Este mes de la Herencia Hispana es una buena ocasión para reflexionar sobre cómo los latinos han ayudado a mejorar la calidad de vida en Nueva York. Y para que estemos claros y no lo dude nadie, Nueva York debe mucho de su dinamismo y liderato como la ciudad más importante del mundo a las aportaciones de los latinos en las últimas 4 ó 5 décadas.
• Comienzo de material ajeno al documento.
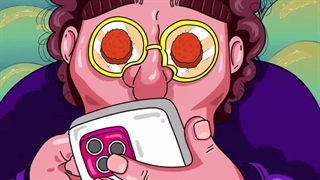 تیزر موزیکال محصولات غذایی (www.zeroframe.ir)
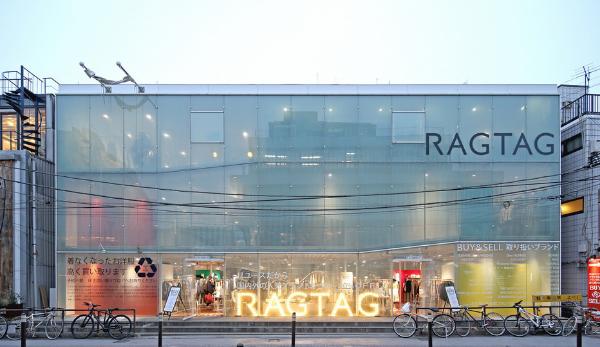 大阪城心斋桥旅游攻略,大阪心斋桥店值得去吗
Una de las razones por las cuales estoy orgulloso de ser presidente de Hostos Community College es precisamente porque esta institución ha sido una de las muchas contribuciones de los hispanos a nuestra ciudad y a nuestro estado. Hace alrededor de cuatro décadas que una coalición comunitaria –encabezados por puertorriqueños, afroamericanos, latinos y otros sectores progresistas– se movilizó para asegurar una presencia universitaria en una de las áreas de mayor pobreza material en Nueva York. Luego de inaugurado el colegio, los hispanos no descansaron hasta que Hostos tuviese los recursos y la infraestructura necesaria para servir a sus estudiantes. Sin ese liderato inicial y sin esfuerzo continuado de los latinos, Hostos hoy no sería una realidad.

El resultado de esa lucha, encabezada por hispanos, es un colegio universitario que le sirve a todos los neoyorquinos sin distinción de raza, etnia, clase social o credo.
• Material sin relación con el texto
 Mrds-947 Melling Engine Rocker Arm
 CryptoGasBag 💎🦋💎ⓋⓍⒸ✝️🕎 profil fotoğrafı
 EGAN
Nuestra misión educativa pone particular interés en la enseñanza de los estudiantes latinos y afro-americanos. Hostos ha cumplido bien esa misión a través de los años. Este semestre nuestros estudiantes latinos y afro-americanos representan por lo menos el 58% y 22% de nuestro estudiantado. Durante los últimos 40 años, Hostos ha sido la universidad pública con el mayor porcentaje de estudiantes hispanos en todo el estado de Nueva York. También tenemos el mayor porcentaje de profesores latinos – un 33% – en todo el estado de Nueva York.
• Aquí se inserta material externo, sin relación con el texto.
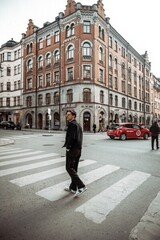 Modell-arkiv Modell-arkiv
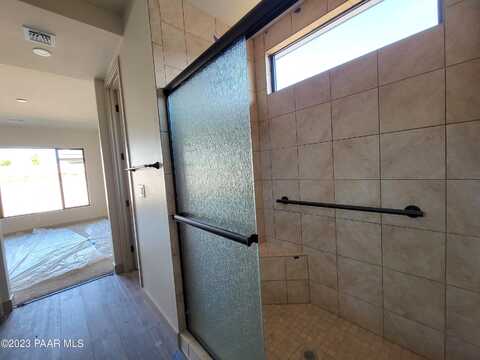 Garrett, PRESCOTT VALLEY, AZ 86314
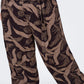 ONLY CARMAKOMA  CARVILMA CULOTTE PANT AOP
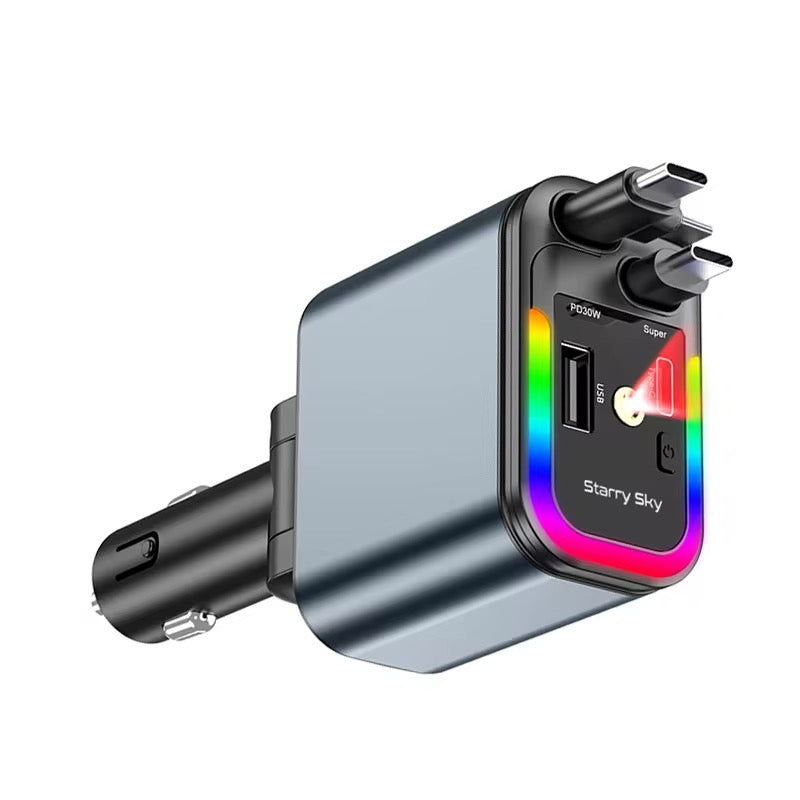 Chargeur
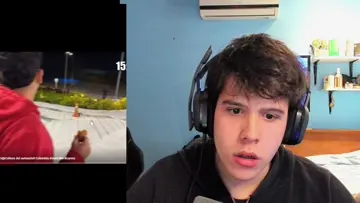 VEGETTA???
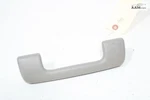 2014-2019 Cadillac Cts Sedan Rear Right Side Upper Roof Grab Handle Oem. Fixed Price $21.83.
Hay tantas otras instituciones importantes en nuestra ciudad –pienso en Aspira, el Museo del Barrio, la Federación Hispana, y Latino Justice, entre otras — que probablemente no existirían si los latinos no hubiesen luchado por crearlas, expandirlas y mantenerlas. También no me cabe duda que nuestra comunidad seguirá creando nuevas y mejores maneras de aportar a la calidad de vida de Nueva York. Tengo el privilegio de poder compartir casi todos los días con jóvenes latinas y latinos creativos, talentosos, energéticos y comprometidos. Estoy seguro de que muchos de ellos/as jugarán papeles de liderato y cambio en Nueva York en un futuro cercano.

Este mes es un buen momento también para hacer una resolución que tenga consecuencias concretas. Qué bueno sería si cada uno de nosotros decidiera hoy hacer una aportación monetaria, ofrecerse como voluntario, o buscar una manera concreta de ayudar a una agrupación latina. Estos tiempos difíciles requieren el apoyo de todos. No olvidemos que en el pasado, otros dieron de su tiempo, esfuerzo y recursos para crear instituciones que aportaban al bien común. Si queremos un futuro mejor para nuestra comunidad hay que envolverse ahora Necesitamos más acciones concretas en favor de nuestra comunidad y en favor de las instituciones que sirven a la comunidad latina. Esa sería quizás la mejor manera de celebrar este Mes de la Herencia Hispana.